Date of Award

8-2011

Document Type

Dissertation

Degree Name

Doctor of Philosophy (PhD)

Legacy Department

Computer Science

Advisor

Duchowski, Andrew T

Committee Member

Ingram , Samual T

Committee Member

Grossman , Harold C

Committee Member

Davis , Timothy A

Abstract

Consumer product packaging provides product damage protection, extends product shelf life, and communicates product usage instructions to the consumer. Its collective contribution to the waste stream is notorious, but its role in product salability is much less understood. Consumers now make the majority of product purchase decisions while present at the shelf, and since they do it very quickly (within 5-8 seconds), and do not appear to adhere to strong brand loyalty as was once more common, packaging (and more specifically, its aesthetics and contrast with its competitors) plays a dominant role in the decision-making process. It is difficult, however, to measure and predict the effectiveness of package design via empirical consumer response testing, and even more challenging to seamlessly integrate consumer response measures into the package design process. The key to meaningful measurement of consumer behavior in the package design process is immersion of the consumer in a convincing environment that elicits natural shopping behavior.
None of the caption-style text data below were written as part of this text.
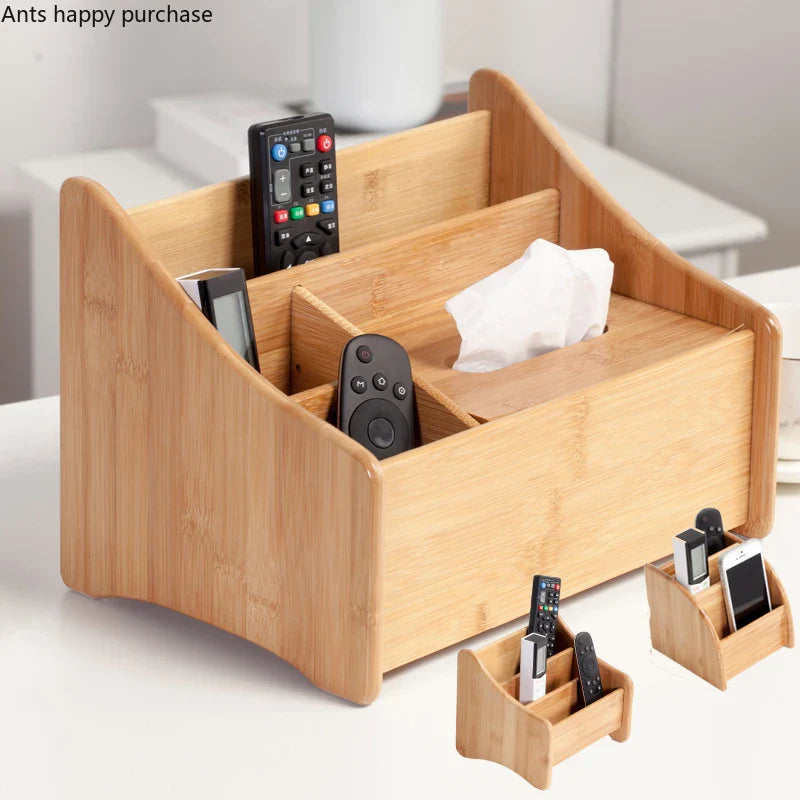 Axya Bamboo Remote Control & Tissue Box Organizer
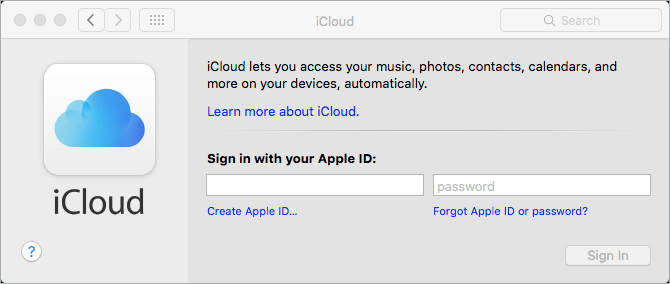 Apri icloud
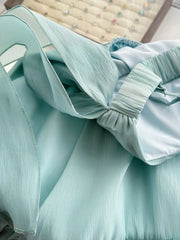 Cyflymder   Japanese Sweet Mint Green Chiffon Mini Dress Women Fairycore Strap Bow Ruffle Dresses New Fashion Cute Princess Clothing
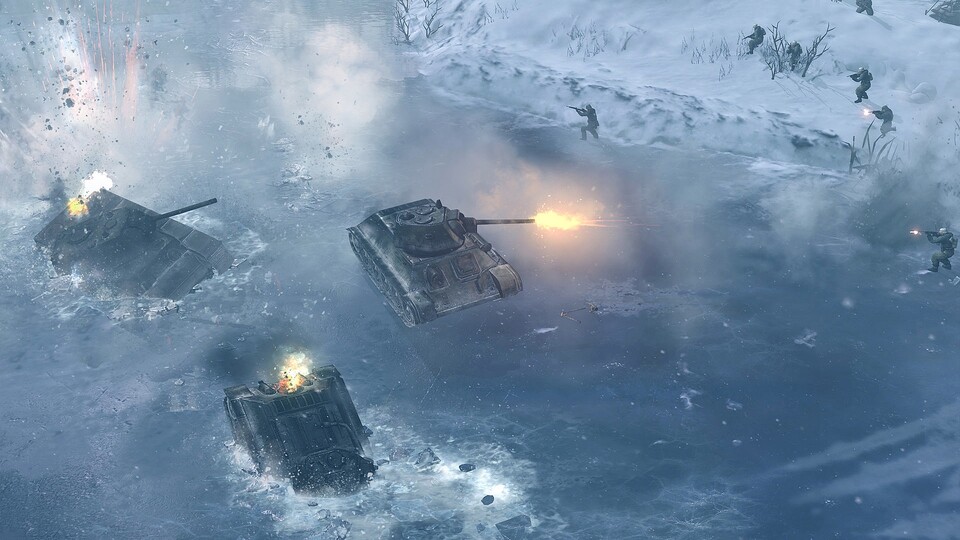Nach feindlichem Artilleriebeschuss brechen zwei unserer Kampfpanzer auf dem zugefrorenen See ein. 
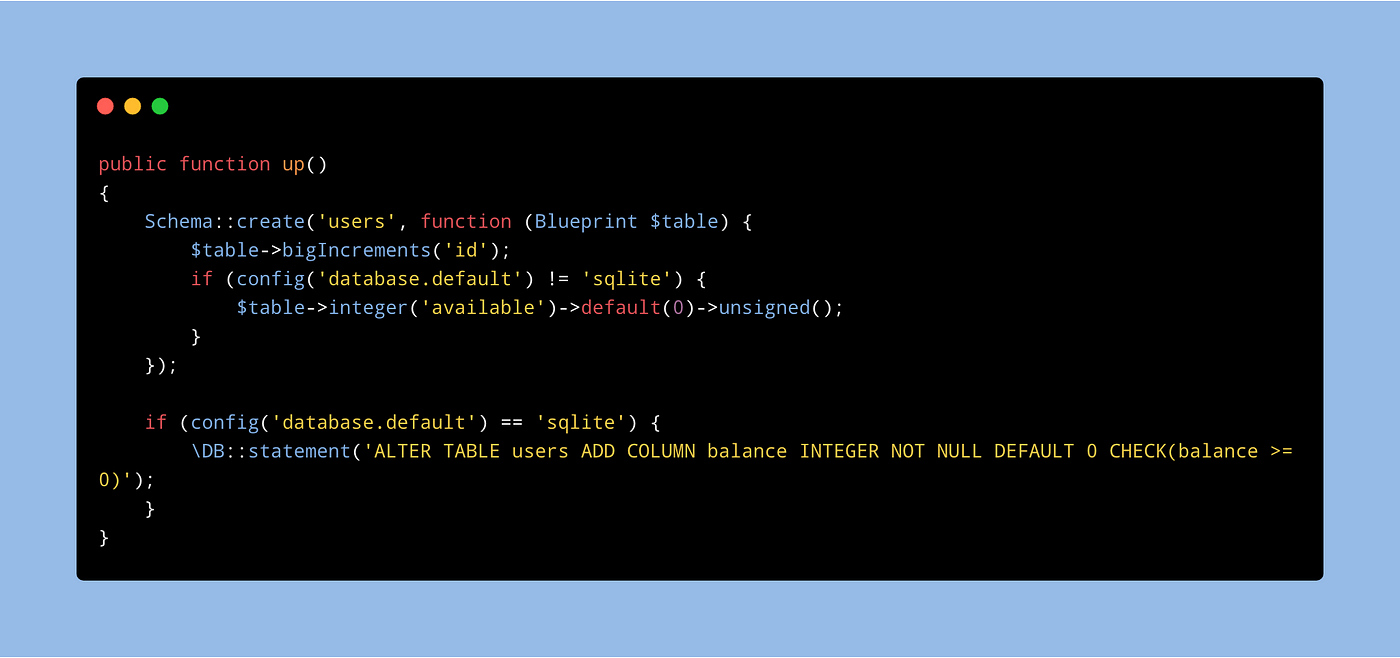 How to Workaround Unsigned Integer for SQLite on Laravel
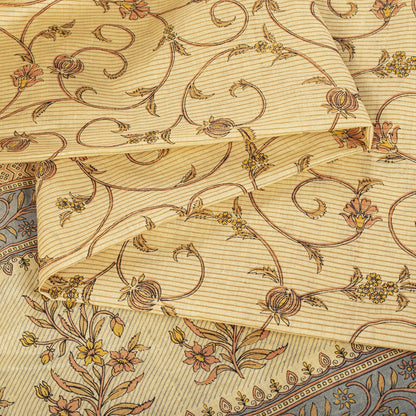 Sanskriti Vintage Saree Beige Pure Cotton Floral Printed Sari Fabric 5.5+Yard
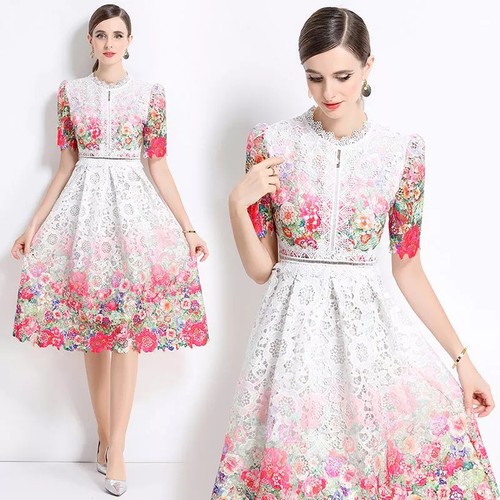 Robe rose floral - floral, dentelle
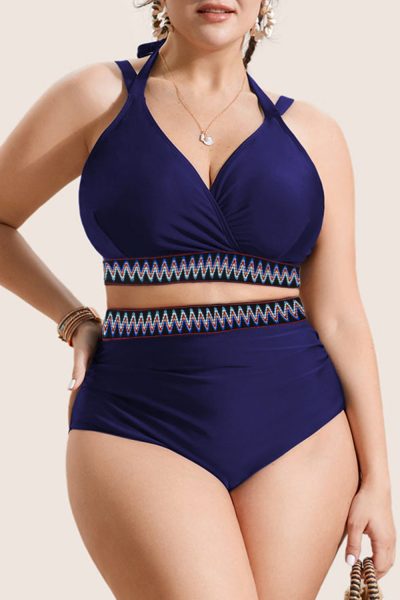 Navy Blue Embroidered Trim Wrap Tie Knot Plus Size High Waisted Bikini
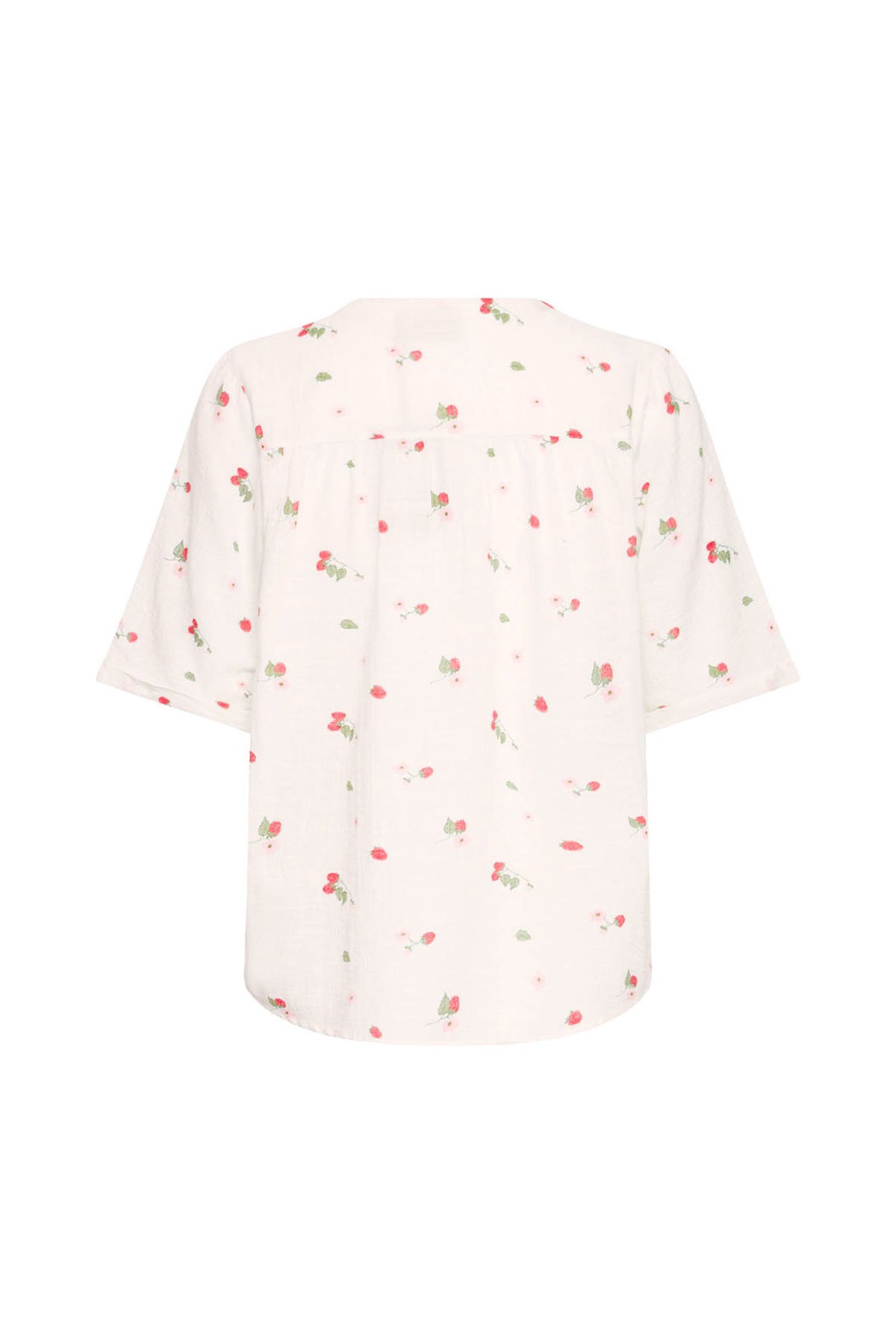 Hvid kortærmet bluse med små røde og grønne blomsterprint, rund hals, løs pasform.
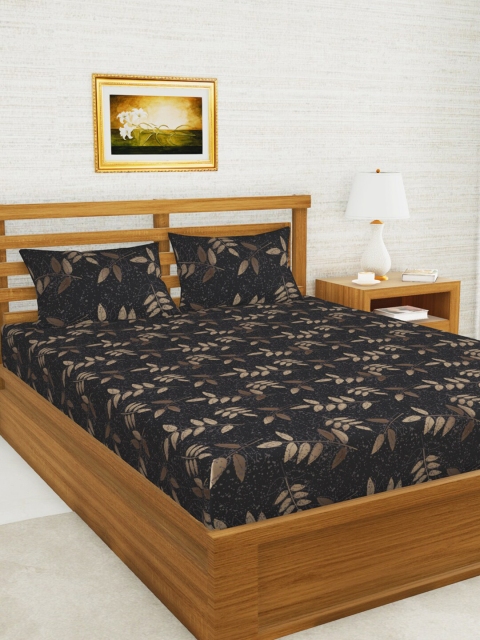 

BIANCA Black & Brown Floral 152 TC Queen Bedsheet with 2 Pillow Covers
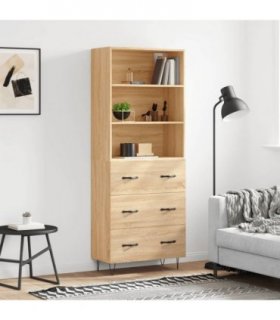 vidaXL Highboard Sonoma Oak 69.5x34x180 cm Engineered Wood — Model: 3 drawers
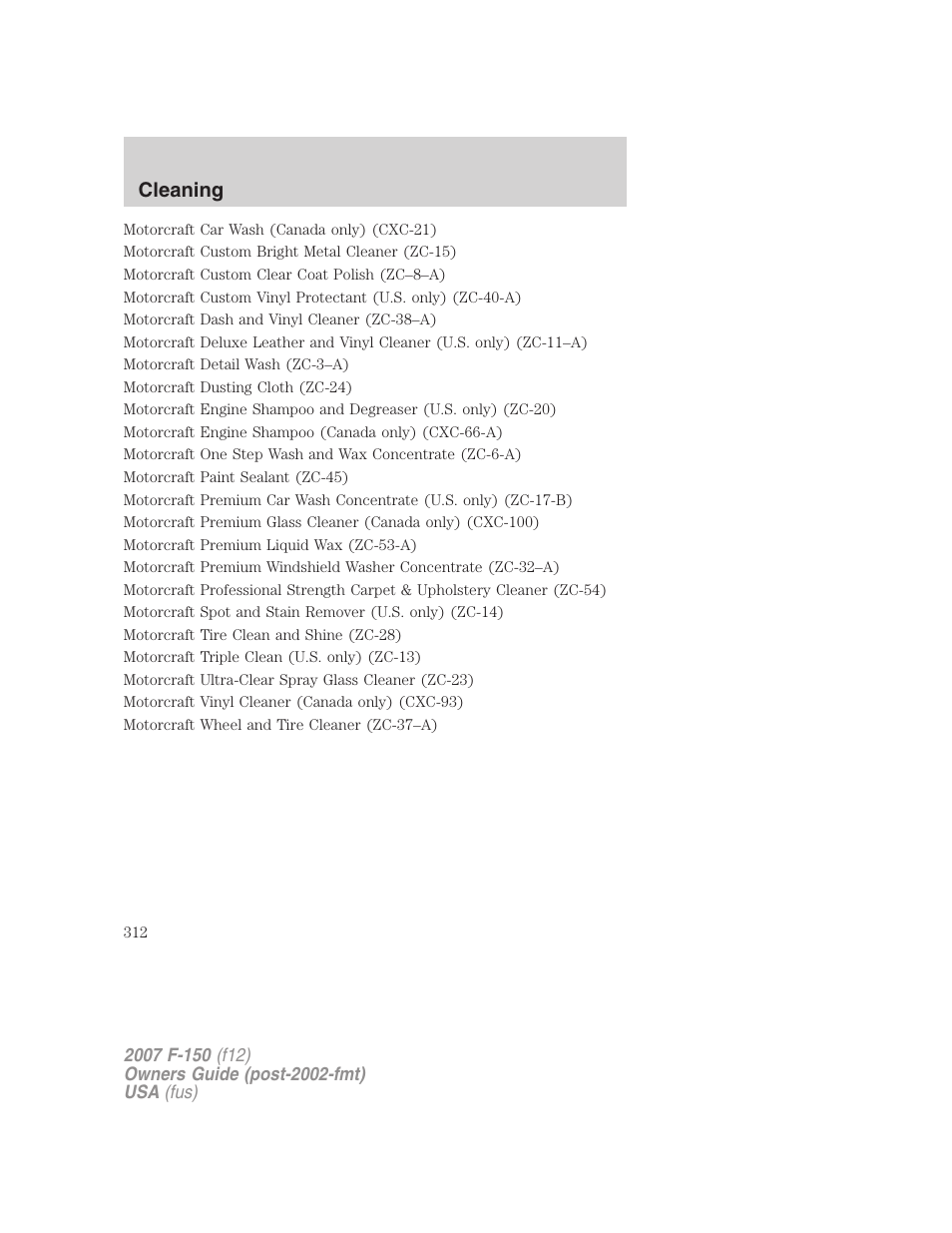 Cleaning | FORD 2007 F-150 v.2 User Manual | Page 312 / 368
While an actual retail store offers the most realistic environment, controlling experimental conditions in this setting is problematic. An artificial simulation of such an environment is desirable for reasons of efficiency, cost, and flexibility. CUshop, a unique laboratory mixing physical store elements with those akin to virtual reality simulation, is introduced. The laboratory has been created with the goal of priming participants into a shopping context, or shopping frame of mind, prompting realistic consumer behavior that can be measured and studied via objective forms of measurement (e.g., eye tracking).